On the basis of the First Amendment, the Roberts Court has ruled in favor of every challenge to campaign finance laws that it has heard so far, with a bloc of five Justices which includes Chief Justice John Roberts, Antonin Scalia, Clarence Thomas, Anthony Kennedy, and Samuel Alito. The high court set off a national controversy last year when it struck down portions of the McCain-Feingold campaign finance law as unconstitutional in its landmark Citizens United decision.
So contentious was the Supreme Court's ruling, that President Obama even broke with tradition shortly after Citizens United to chastise the court for its decision during his State of the Union Address, inciting Justice Alito to depart from the court's longstanding tradition of listening without reaction to the president's annual address by grimacing, shaking his head, and mouthing something in response to the president's rebuke.
The contentious issue in both Citizens United and this Monday's 5-4 ruling in Arizona Free Enterprise Club v. Bennett, is the influence of corporate money in political campaigns. Critics of the Roberts Court argue that its jurisprudence on campaign finance opens the doors to a flood of corporate money, making elections inherently unfair by giving moneyed special interests an advantage. The injection of corporate money into elections, they argue, guarantees political corruption and policy-making that rewards a well-connected and entrenched wealthy class.
The Arizona law overturned by Arizona Free Enterprise Club sought to fix this problem by establishing a public fund that's triggered by certain spending thresholds to finance a candidate who is being outspent by an opponent in a political campaign. The idea is to give equal time to opposing ideas and prevent a flood of corporate money from skewing the results of an election. But the majority argued this Monday, that this law inherently punishes people for exercising their free speech by forcing them to subsidize opinions with which they disagree.
Chief Justice Roberts wrote:
"The First Amendment embodies our choice as a nation that, when it comes to such speech, the guiding principle is freedom -- the ‘unfettered interchange of ideas’ -- not whatever the state may view as fair."
In a less controversial ruling on a California video game ban, the Supreme Court voted 7-2 to strike down a law that would have fined retailers $1000 for selling violent video games to minors, defining violent games as those "in which the range of options available to a player includes killing, maiming, dismembering or sexually assaulting an image of a human being," when lacking in "serious literary, artistic, political or scientific value." Again, the issue for the Supreme Court was free speech.
Antonin Scalia, writing for five justices in the majority, said:
"Like the protected books, plays and movies that preceded them, video games communicate ideas -- and even social messages -- through many familiar literary devices (such as characters, dialogue, plot and music) and through features distinctive to the medium (such as the player’s interaction with the virtual world).
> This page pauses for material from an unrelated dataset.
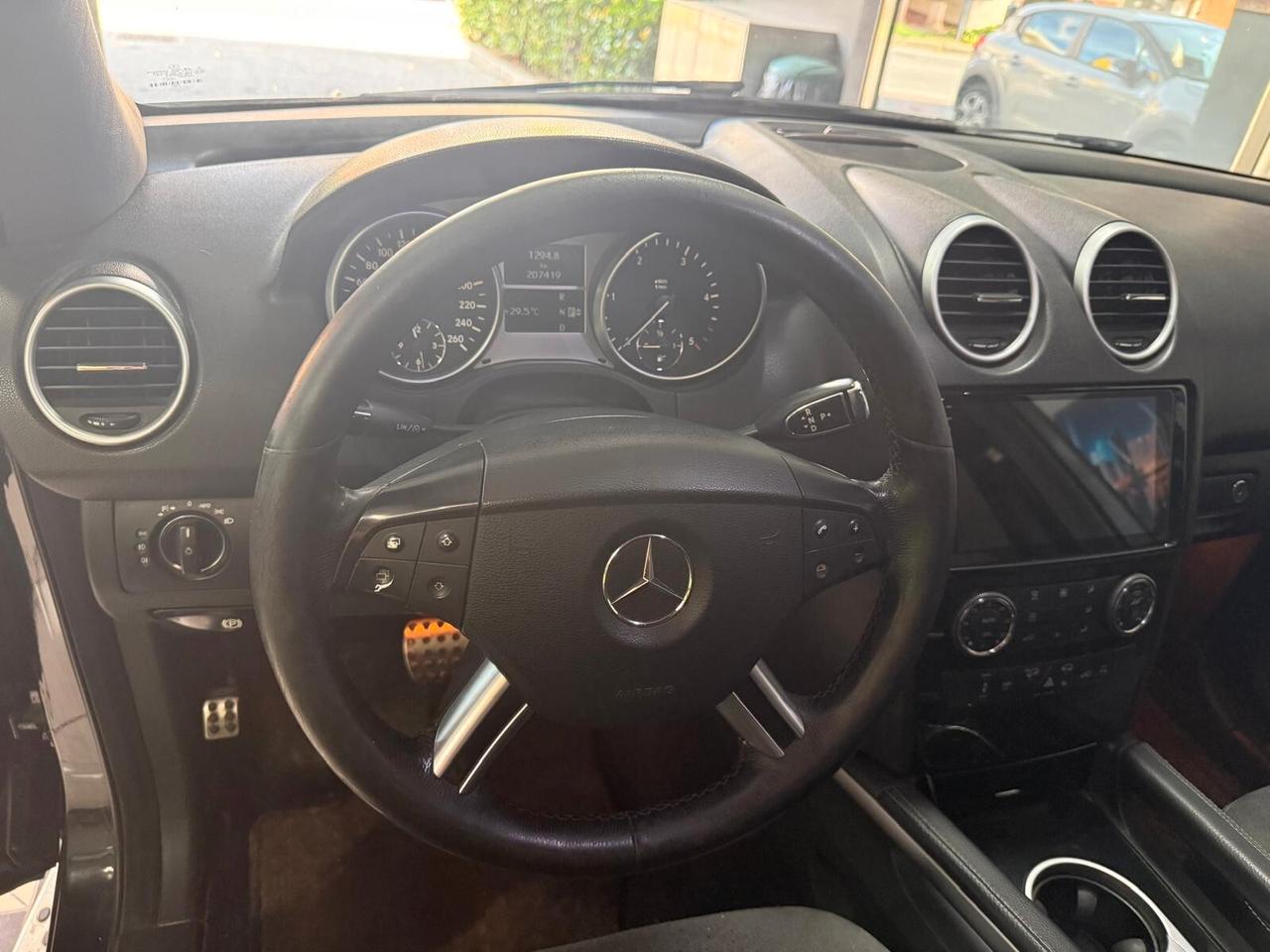 Mercedes-benz ML 320 CDI Sport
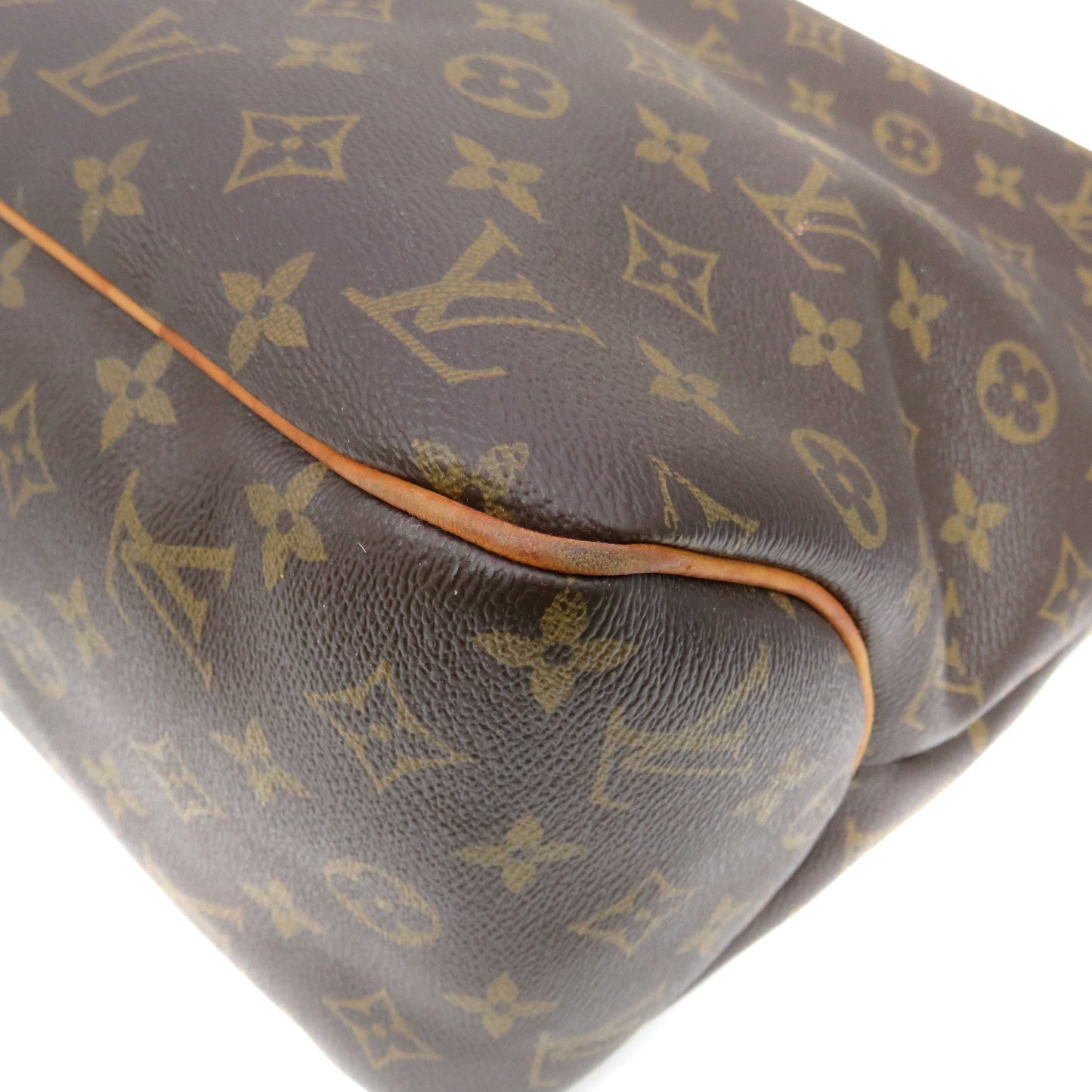 Louis-Vuitton Monogram Delightful MM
That suffices to confer First Amendment protection."
While the stakes may be lower than in the campaign finance debate, critics of the Supreme Court's decision this Monday in Brown v. Entertainment Merchants Association are also casting it in terms of a victory for unrestrained corporate greed. California senator Leland Yee, who wrote the now-overturned ban on violent video games, said in a statement:
"The Supreme Court once again put the interests of corporate America before the interests of our children. It is simply wrong that the video game industry can be allowed to put their profit margins over the rights of parents and the well-being of children."
In all fairness, critics of the Robert Court's First Amendment decisions don't seem to base their opposition on judicial philosophy and interpretation of the law as written. For them, the issue is not whether a law violates the Constitution's prohibition on abridgements of free speech, but whether they happen to like the outcome of the free exercise of a particular kind of speech. Note that their objections to the court's recent rulings are rooted in the negative results they perceive as stemming from speech they don't like, whether it's political speech or video games that they find obscene.
It is possible, indeed it's very American and very enlightened (having its place in a certain famous quotation by Voltaire) to disagree with the expression of an idea, but uphold and defend the right of a free people to express it. Living in a tolerant and pluralistic society will undoubtedly bring results we don't always like. The LGBT community may be offended by a pastor's sermon on the evils of homosexuality, and that same pastor's congregation might not like gay pride parades in their town. But a free society is one in which both are free to express themselves without any sanctions, punishments, or burdensome "equal time" corrections from the government.